**WORK TASK**
Show every line of the records below that contains the word "Dress".

**MATERIAL PROVIDED**
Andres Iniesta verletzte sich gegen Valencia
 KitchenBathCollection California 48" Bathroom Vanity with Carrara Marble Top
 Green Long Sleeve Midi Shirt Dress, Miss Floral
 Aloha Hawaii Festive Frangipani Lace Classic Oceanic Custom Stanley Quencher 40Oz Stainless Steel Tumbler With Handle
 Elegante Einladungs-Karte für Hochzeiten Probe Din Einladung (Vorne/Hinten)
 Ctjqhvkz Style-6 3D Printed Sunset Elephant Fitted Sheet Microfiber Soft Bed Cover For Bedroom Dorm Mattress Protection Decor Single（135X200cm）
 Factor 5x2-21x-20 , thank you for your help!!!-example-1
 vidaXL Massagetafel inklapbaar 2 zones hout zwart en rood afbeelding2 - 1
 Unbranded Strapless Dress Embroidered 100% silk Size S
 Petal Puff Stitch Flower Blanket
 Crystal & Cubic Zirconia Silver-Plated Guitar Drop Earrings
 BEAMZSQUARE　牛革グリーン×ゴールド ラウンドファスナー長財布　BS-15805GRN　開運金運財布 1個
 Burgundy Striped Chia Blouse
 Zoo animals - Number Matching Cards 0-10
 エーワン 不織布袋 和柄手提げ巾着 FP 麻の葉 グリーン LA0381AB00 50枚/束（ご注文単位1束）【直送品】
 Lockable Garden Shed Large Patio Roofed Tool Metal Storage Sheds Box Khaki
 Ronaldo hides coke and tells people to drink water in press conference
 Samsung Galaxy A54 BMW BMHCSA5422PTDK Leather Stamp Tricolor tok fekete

**ANSWER BOX**
 Green Long Sleeve Midi Shirt Dress, Miss Floral
 Unbranded Strapless Dress Embroidered 100% silk Size S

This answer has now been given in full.